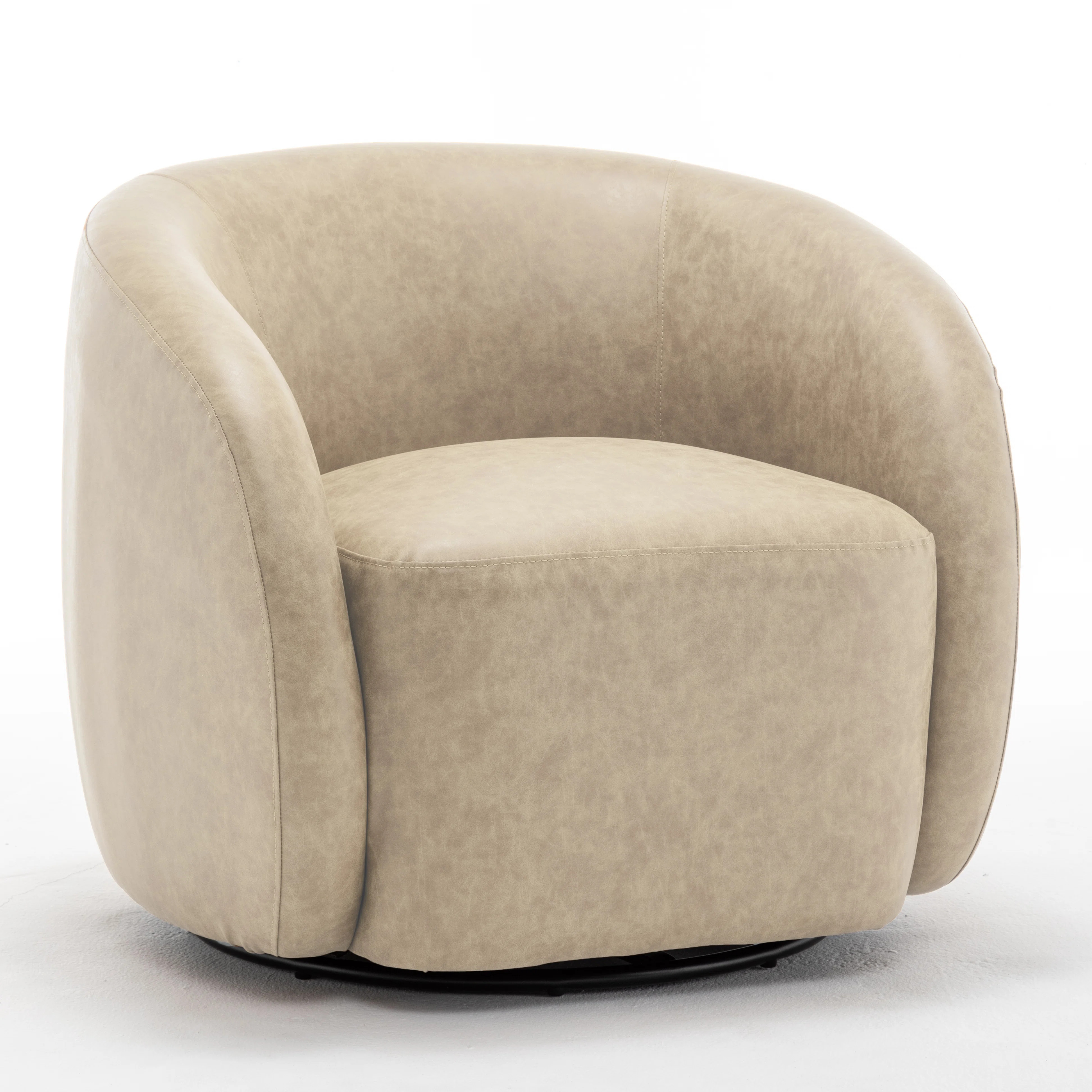 Katherline Hall Faux Leather Swivel Barrel Chair | Wayfair North America
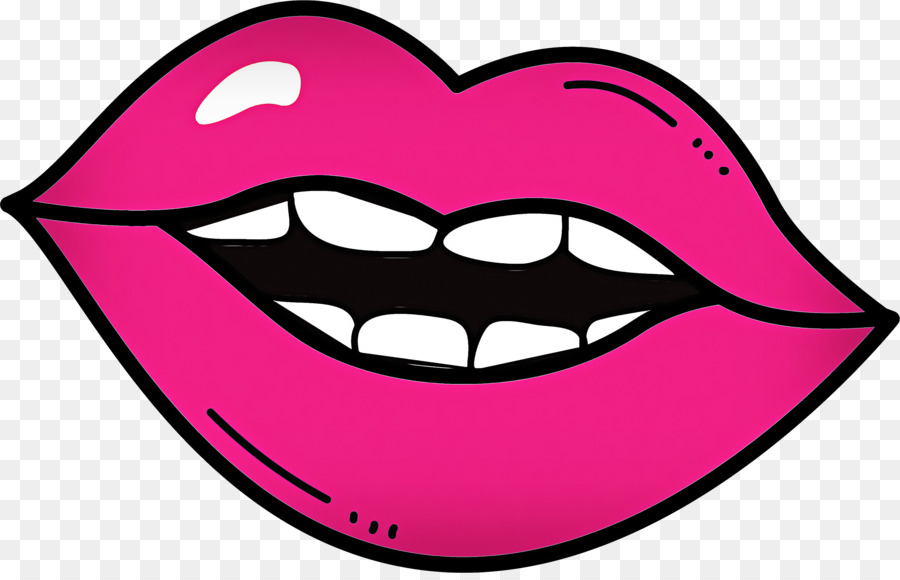 Mund Zunge Pink M Zahn Herz - 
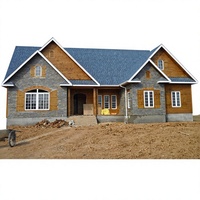 Maison préfabriquée moderne en bois à 2 chambres avec façade en pierre et structure en bois SPF, cabane modulaire pour construction résidentielle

=== WHAT YOU ARE ASKED TO DO ===
Your task is to copy exactly the lines from the line containing "Mund Zunge Pink" through the final line of the listing above and to omit every picture.

=== EXERCISE RESULT ===
 Mund Zunge Pink M Zahn Herz - 
 Maison préfabriquée moderne en bois à 2 chambres avec façade en pierre et structure en bois SPF, cabane modulaire pour construction résidentielle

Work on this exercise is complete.